YSU trustees, meeting Thursday, learned that enrollment among full- and part-time students for the fall semester is 13,079.
The number is unofficial, said Ron Cole, university spokesman. YSU will tally its official count Tuesday.
The final number could be different, Cole said.
But if the preliminary figure holds, it means YSU has posted its highest enrollment since 1995, when 13,273 students attended.
The 1995 tally is not YSU's highest, though. For that, you would need to look back to the early 1990s when the university's student roster swelled to the low 15,000s, Cole said.
University enrollment throughout the state ebbed in the 1990s as the economy boomed and more people chose to enter the workplace rather than the classroom.
This year's fall enrollment, as it now stands, betters the fall 2003 final figure of 12,858, and those of 2002 and even going back to 2000, which were recorded at 12,698 and 11,787, respectively.
Parading to Columbus
In other developments, trustees learned that YSU's "Penguin Parade" will be marching all the way to Columbus.
Five of the 31 5-foot-tall fiberglass penguin sculptures created for the "parade" by artists as part of a promotional effort will be displayed early next month in the Ohio Statehouse rotunda.
"It's an excellent way of demonstrating the pride we have in our institution," Walt Ulbricht, YSU's executive director of university marketing and communications, said of the penguin's appearance in the capital.
The birds, based on the university mascot, will be on display for one to two weeks. The exact dates of the display and which of the penguins will be included have yet to be finalized.
The sculptures are now scattered throughout the Mahoning Valley, where they are displayed by businesses and institutions, including YSU.
In form, each of the nearly 300-pound sculptures is identical.
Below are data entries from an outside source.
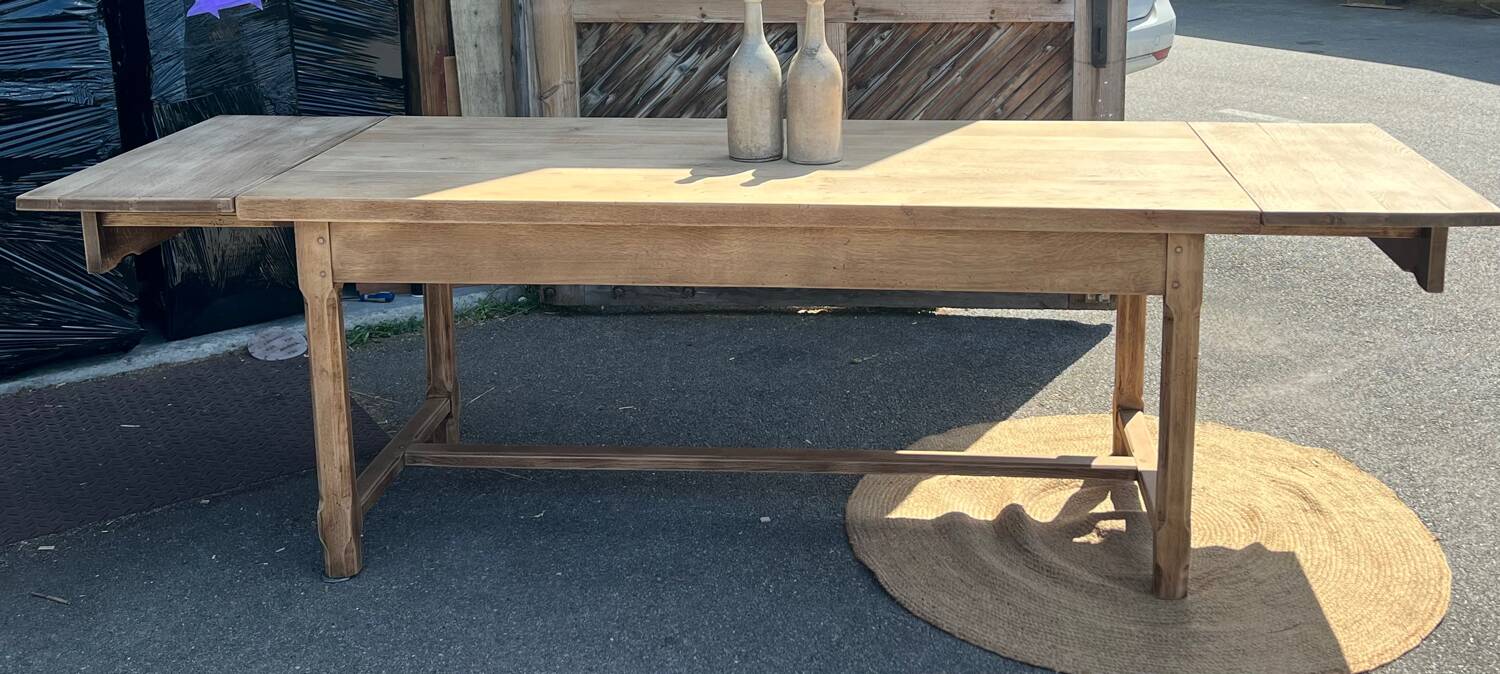 Large renovated antique table with 2 extensions in raw solid oak.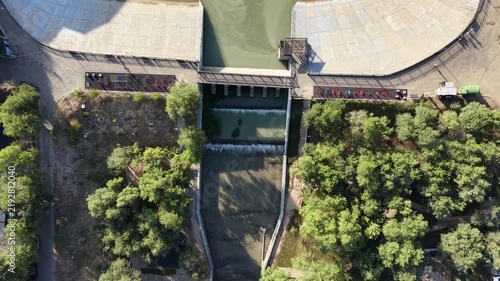 Top-down aerial view of river promenade park and dam infrastructure at early morning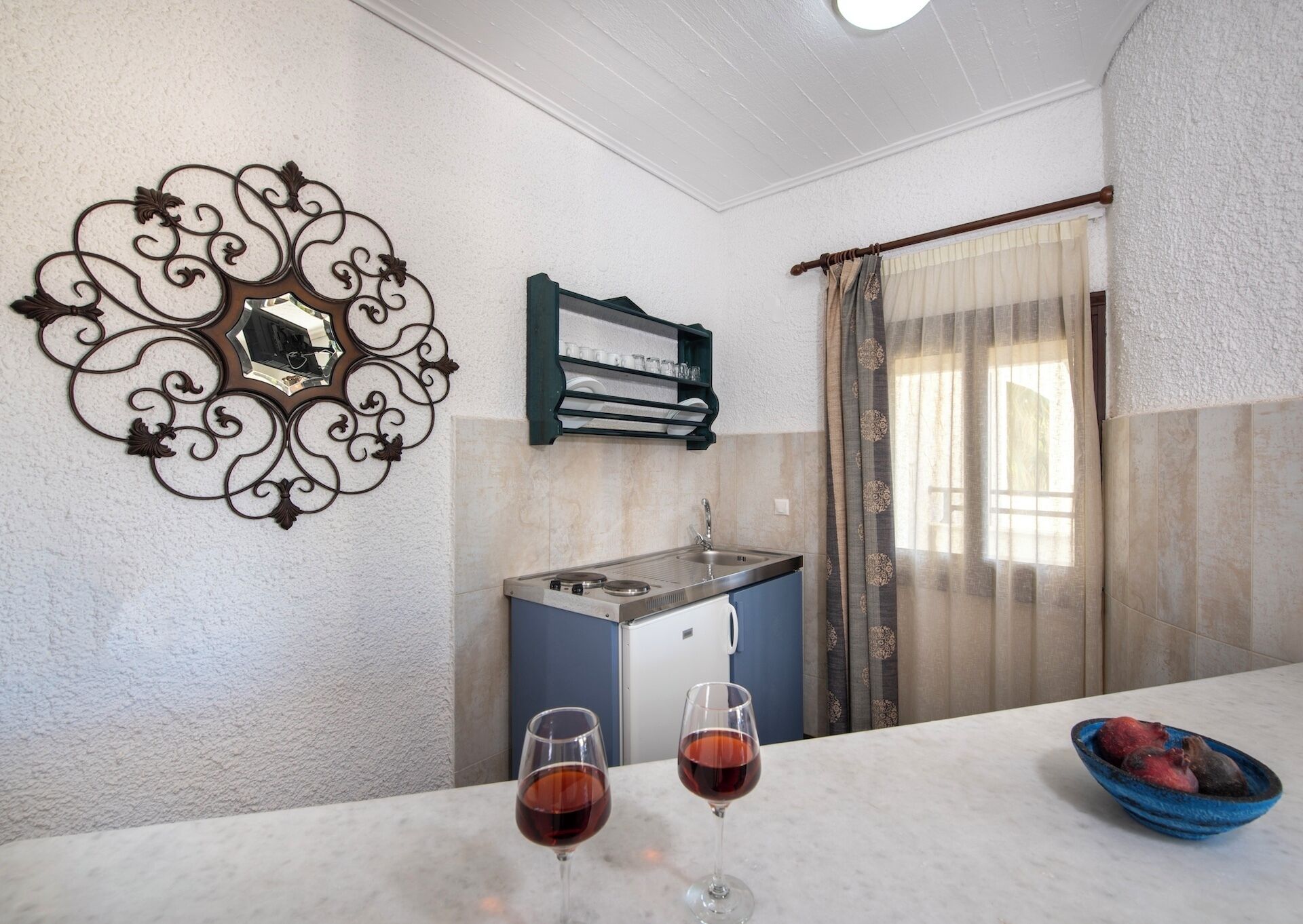 Uma cozinha pequena com pia, um detalhe decorativo na parede e janela com cortinas. Há dois copos de vinho tinto na bancada.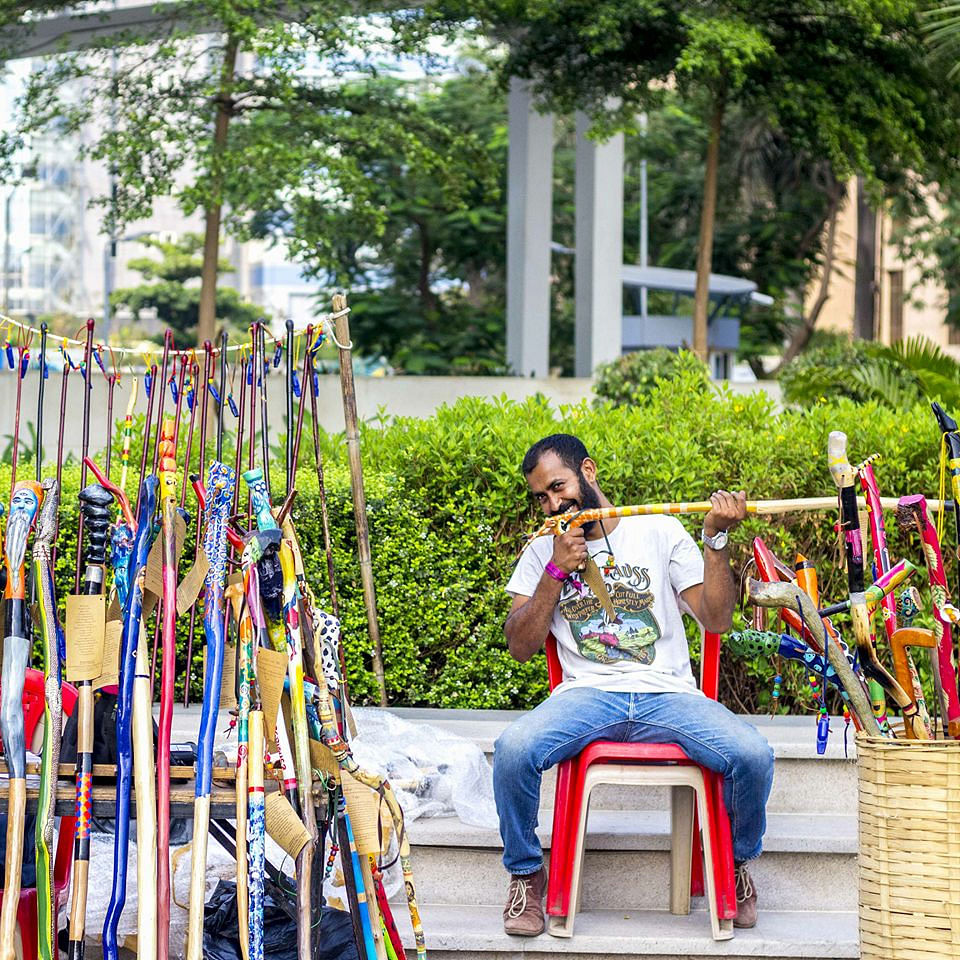 Red,Yellow,Tree,Street fashion,Leisure,Sitting,Fun,Street,Street performance,Vacation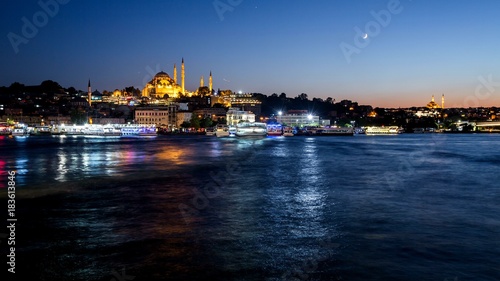 Istanbul cityscape with Suleymaniye mosque with tourist ships floating at Bosphorus at night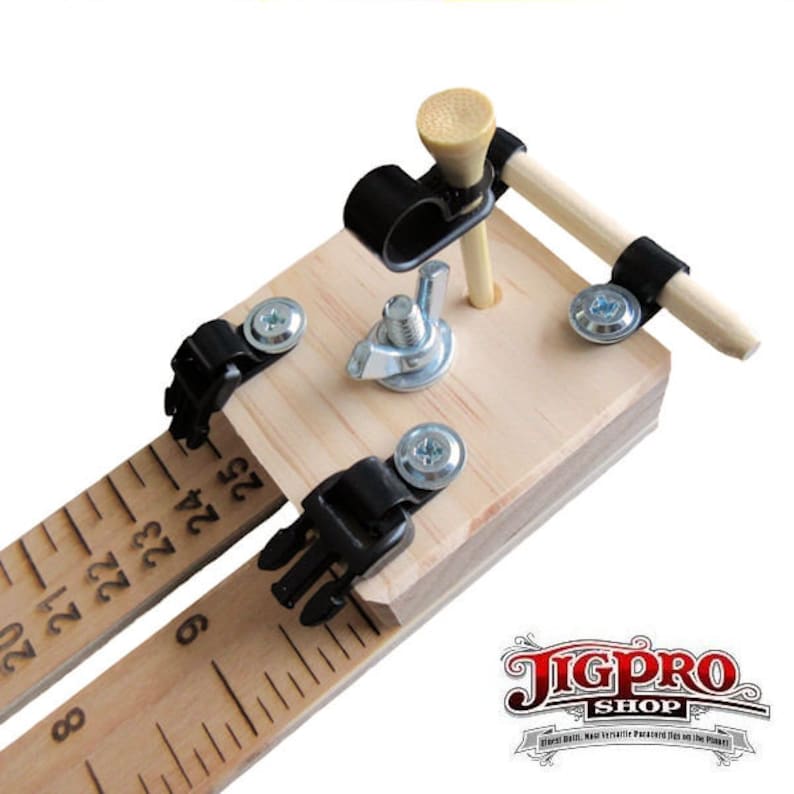 May include: A wooden jig with a ruler, two black clamps, and a golf tee with a wooden dowel attached. The jig is used for woodworking projects.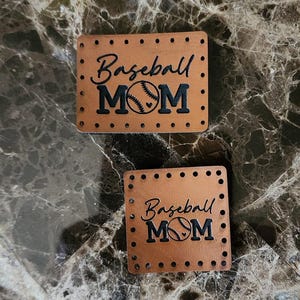 May include: Two rectangular tan leather patches featuring pre-punched holes along the edges for sewing. The patches are engraved with the text Baseball MOM in black, with the letter O replaced by a baseball graphic containing a small heart.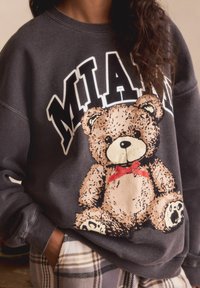 Harmaa collegepaita, jossa on nalletiketti punaisella solmulla ja "MIAMI" -teksti paksulla, valkoisella kirjaimella. Pehmeä kangas ja rento malli.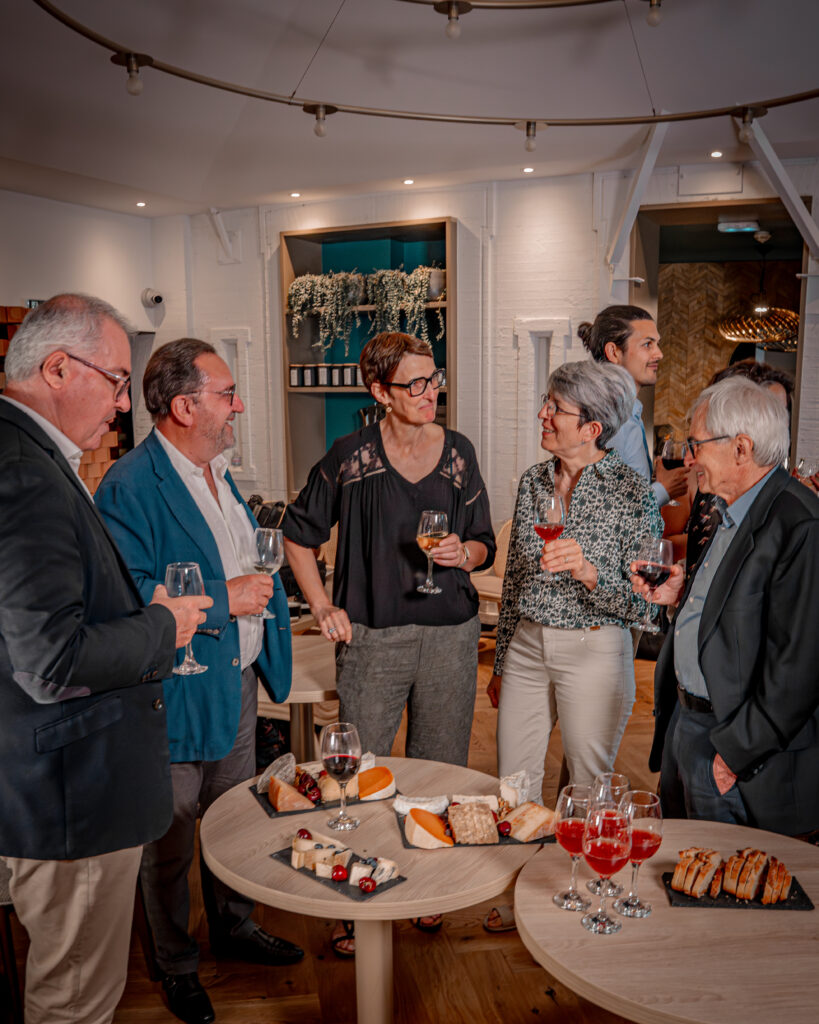 groupe mixte (hommes, femmes, différentes tranches d'âge) réunis autour d'une table de dégustation, dans une ambiance détendue et conviviale. Pas de podium, pas de chrono visible.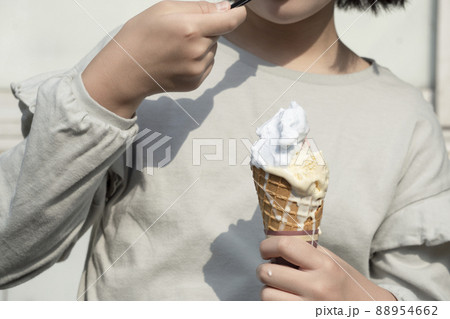 外でアイスクリームを食べる女の子 88954662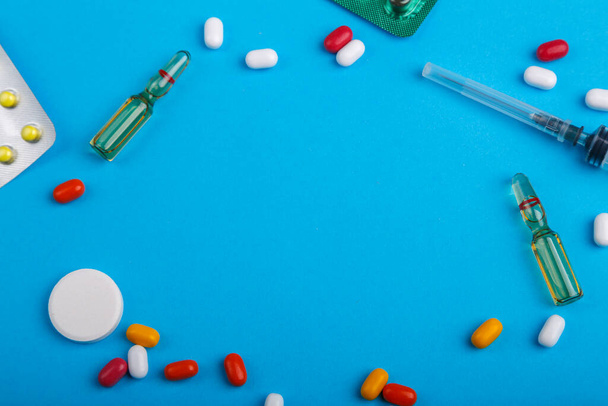 χάπια και φάρμακα σε κυψέλες σε μπλε φόντο και σύριγγα αντίγραφο τόπο. Οριζόντια φωτογραφία. - Φωτογραφία, εικόνα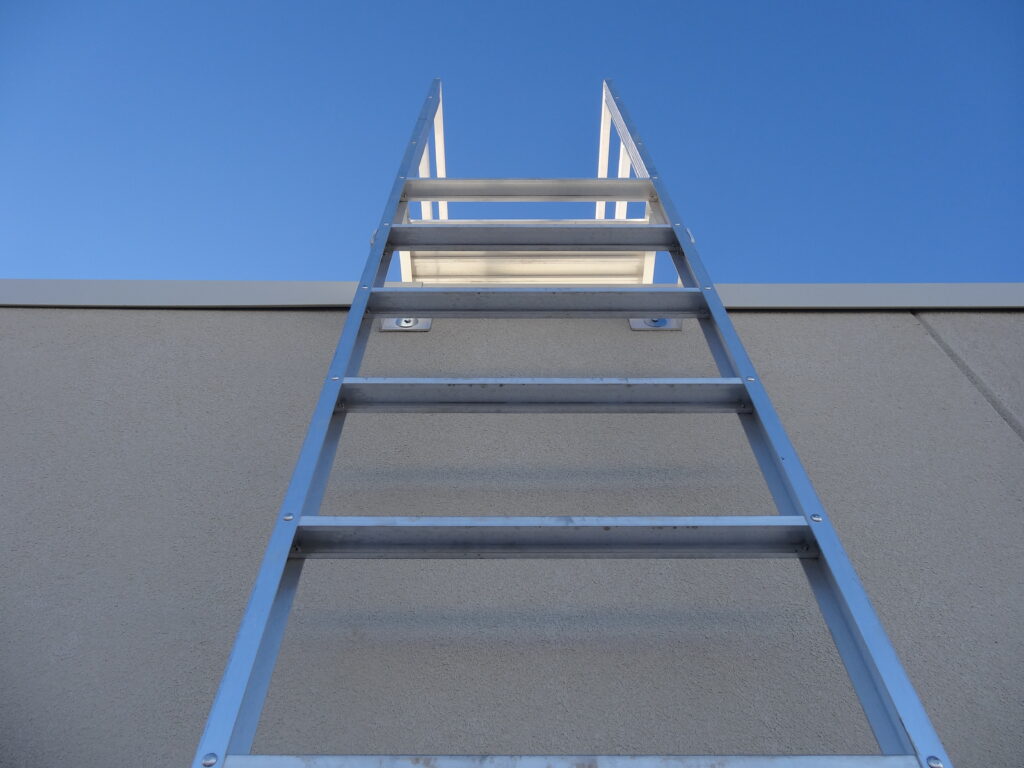 Aluminum fixed ladder attached to a building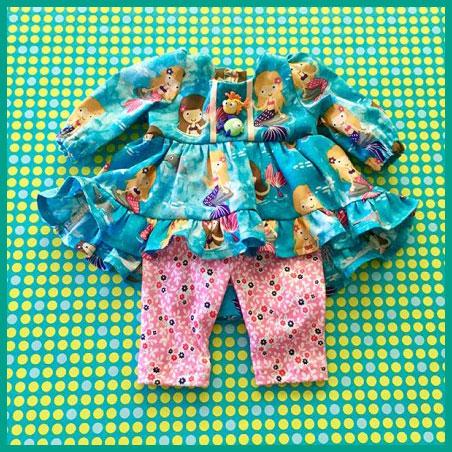 Picture of something you can make in Sewing 101 for Kids - a dress and leggings in colorful fabric for an 18 inch doll.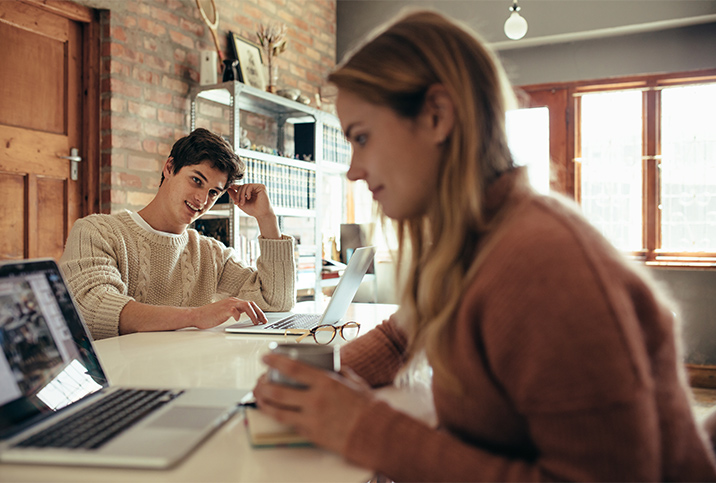 A man looks over at his partner while both are sitting at a table together on their laptops.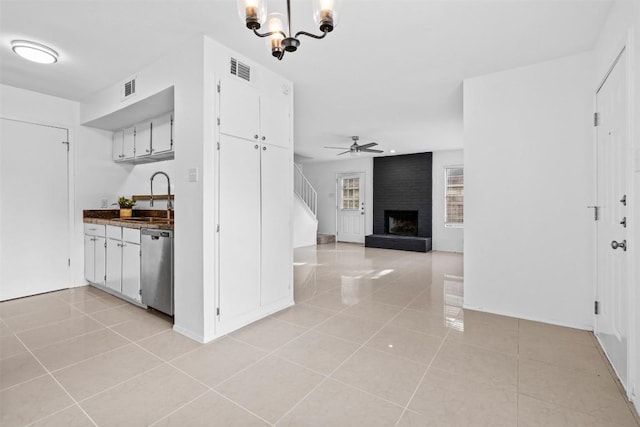4413 Whispering Valley Dr, Austin, TX 78727 - kitchen with a sink, dishwasher, light tile patterned floors, and white cabinetry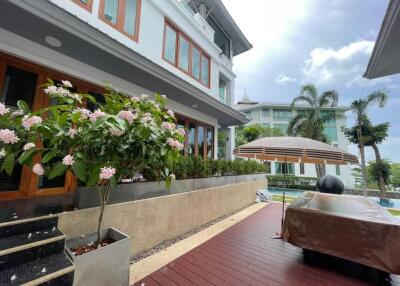 Outdoor patio area of a modern building with covered furniture, a large plant, and an umbrella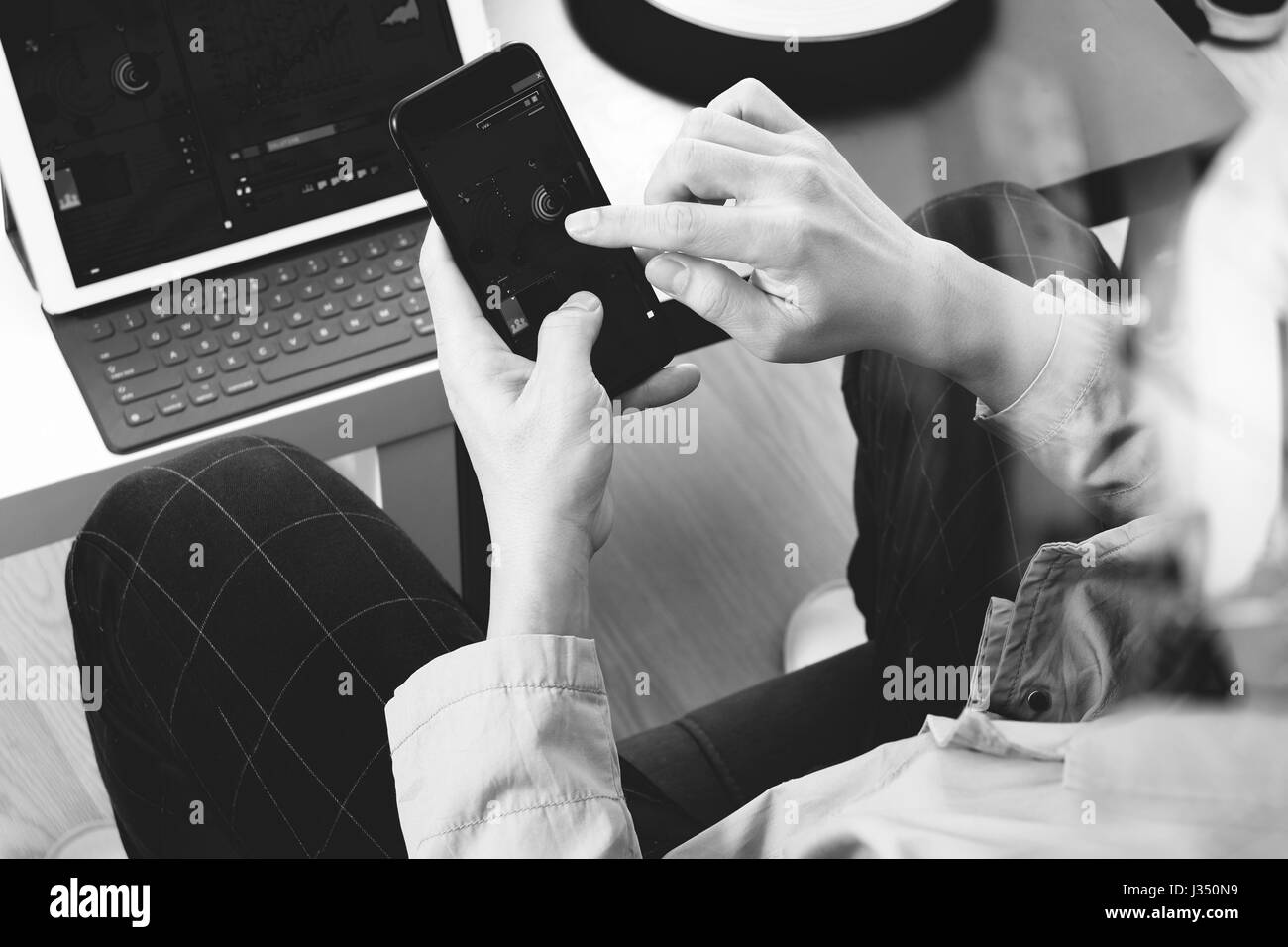 hand using smart phone and digital tablet computer for online banking payment communication in modern office,black and white Stock Photo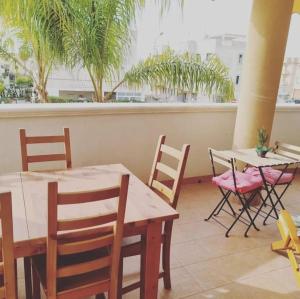 a restaurant with tables and chairs and palm trees at Casa Vacanze "LA TERRAZZA" in Leporano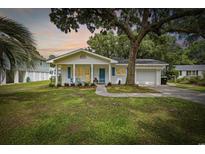 Charming single-story home featuring a well-manicured lawn and an inviting front porch with blue shutters at 412 Middleton Dr., Pawleys Island, SC 29585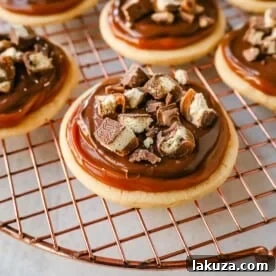 Twix Cookies made with soft sugar shortbread topped with rich caramel and milk chocolate and sprinkled with chopped Twix candy bars. These Millionaire Cookies are the best chocolate caramel shortbread cookie!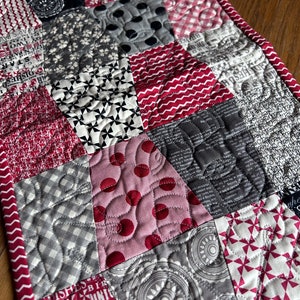 K&ouml;nnte beinhalten: Ein roter und grauer Patchwork-Tischl&auml;ufer mit gestepptem Design. Der L&auml;ufer zeigt verschiedene Muster, darunter Punkte, Gingham und florale Drucke.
But they vary in appearance based on different themes expressed in paint and materials applied to them.
One of the 31 birds remains missing, having been stolen from its perch on the YSU campus in July.
Student recruitment
Trustees also learned that YSU is continuing its effort to recruit new students from the Akron-Cleveland area.
YSU will be advertised in cinemas in Hudson, Akron, Solon and Willoughby.
Tom Green, a lobbyist for YSU in Columbus, told trustees that the budget outlook for higher education in Ohio continues to be grim.
The economic recovery being felt in other parts of the country is still lagging in Ohio and, consequently, has lawmakers keeping a close watch on spending, Green reported.